It is early August, 1982. Walter Payton, who has just turned 28, sits in the lobby of one of the players' dorms at the Chicago Bears' Lake Forest, Ill. training camp and stretches his legs. He wears dark shorts and a powder-blue T shirt, which looks almost phosphorescent in the gathering darkness, accentuating his powerful upper body.
"I feel," he says, "like an old man."
He doesn't look it. He still flashes the little-boy grin that people noticed right off when he showed up at his first Bear camp in 1975, a rookie barely turned 21. His face is unlined. His movements are quick; he can't sit still for long. He gets up, paces, taps his green motorcycle, which stands in the middle of the lobby, sits down, gets up again. He talks quickly, in staccato bursts. You get a feeling of electricity. Sparks seem to shoot from him.
But the feeling of encroaching age is understandable. Payton has carried the ball more than 2,200 times in his seven-year NFL career and almost always everybody in the stadium, especially the people on defense, knew he was going to carry it. The Bears haven't had a passing attack since the days of Rudy Bukich. Payton left. Payton right. Payton up the middle. Walter Payton carrying the Chicago Bears on his shoulders.
"Not by myself," Payton says. "Nobody can carry a team by himself."
The Bears have also been dimly aware of that fact through the years, of the need to concoct a passing game and join the 20th century, to take the pressure off their 5'10½", 204-pound halfback, who, wondrous as he is, is after all only made of flesh and bone. Now they're at it again with a new coach, Mike Ditka, and a pass-happy quarterback, Jim McMahon, whom they drafted in the first round. But Payton has been down this road before.
It started for him in 1977. That year, his third in the NFL, the Bears hired the legendary Sid Gillman, genius of the passing offense. They traded first-and fourth-round draft choices to Cleveland for veteran Quarterback Mike Phipps and drafted another one, Vince Evans, out of USC Oh, they were going airborne all right.
Well, the Bears reached the playoffs for the first time in 14 years that season. They reached them because Payton ran for the fourth highest yardage in NFL history (1,852), including a single-game record 275 against Minnesota. Just as he'd done in 1976, Payton carried the ball more times than the Bears threw it—339 carries for Walter, a league record, 305 passes for the entire Bear team. After the season, the writers asked Walter when he thought he was going to break Jim Brown's alltime career rushing record. What the heck, the kid was only 23 and he was two seasons away from cracking the league's Top 20, lifetime.

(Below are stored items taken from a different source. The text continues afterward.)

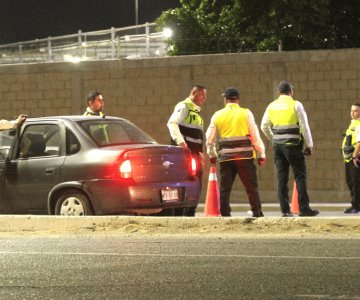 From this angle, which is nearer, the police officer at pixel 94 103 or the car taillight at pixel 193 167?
the car taillight at pixel 193 167

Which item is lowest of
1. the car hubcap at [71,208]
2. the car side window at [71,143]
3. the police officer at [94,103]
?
the car hubcap at [71,208]

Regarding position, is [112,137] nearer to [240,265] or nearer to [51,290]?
[240,265]

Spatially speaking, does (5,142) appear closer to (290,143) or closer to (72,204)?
(72,204)

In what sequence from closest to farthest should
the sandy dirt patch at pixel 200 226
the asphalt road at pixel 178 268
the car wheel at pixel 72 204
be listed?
the asphalt road at pixel 178 268, the sandy dirt patch at pixel 200 226, the car wheel at pixel 72 204

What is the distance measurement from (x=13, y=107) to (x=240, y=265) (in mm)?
16331

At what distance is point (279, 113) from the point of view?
14164mm

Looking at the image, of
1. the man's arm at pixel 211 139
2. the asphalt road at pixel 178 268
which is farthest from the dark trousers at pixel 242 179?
the asphalt road at pixel 178 268

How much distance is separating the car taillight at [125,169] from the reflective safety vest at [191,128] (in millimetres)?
2090

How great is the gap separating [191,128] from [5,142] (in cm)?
261

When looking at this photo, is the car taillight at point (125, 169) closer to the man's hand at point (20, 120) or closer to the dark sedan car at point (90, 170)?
the dark sedan car at point (90, 170)

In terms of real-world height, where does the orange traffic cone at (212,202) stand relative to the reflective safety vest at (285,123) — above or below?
below

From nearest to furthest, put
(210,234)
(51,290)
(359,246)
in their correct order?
1. (51,290)
2. (359,246)
3. (210,234)

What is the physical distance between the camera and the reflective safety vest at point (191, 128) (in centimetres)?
1470

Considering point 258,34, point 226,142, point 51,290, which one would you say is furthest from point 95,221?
point 258,34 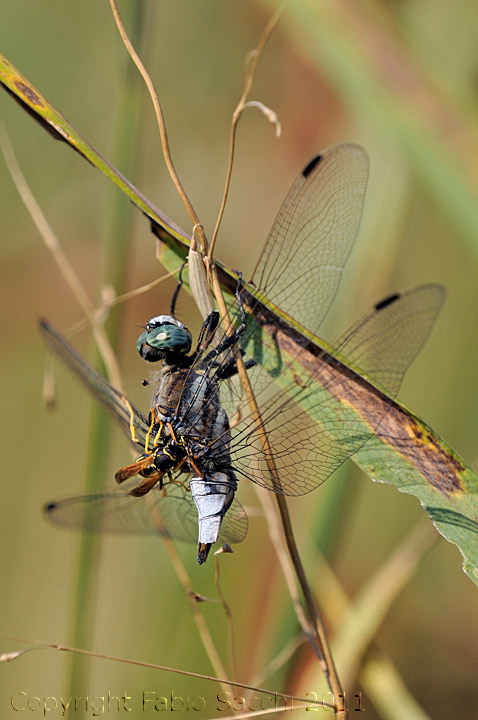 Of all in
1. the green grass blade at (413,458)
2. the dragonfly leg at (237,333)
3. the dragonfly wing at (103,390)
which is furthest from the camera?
the dragonfly wing at (103,390)

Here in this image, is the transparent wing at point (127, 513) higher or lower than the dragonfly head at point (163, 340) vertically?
lower

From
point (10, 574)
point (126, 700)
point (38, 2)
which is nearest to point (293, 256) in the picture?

"I won't be around long enough," he said. "Five years is plenty in this game."
Payton smiles now when reminded of those words. "Yes, I remember what I said in '77," he says. "I still feel the same way, but the enthusiasm has always been there. I don't mean just to play. I'm talking about the training, the preparation to get yourself ready to take the beating. If that goes, whether it's next year or after 10 years, well, it's time to get out."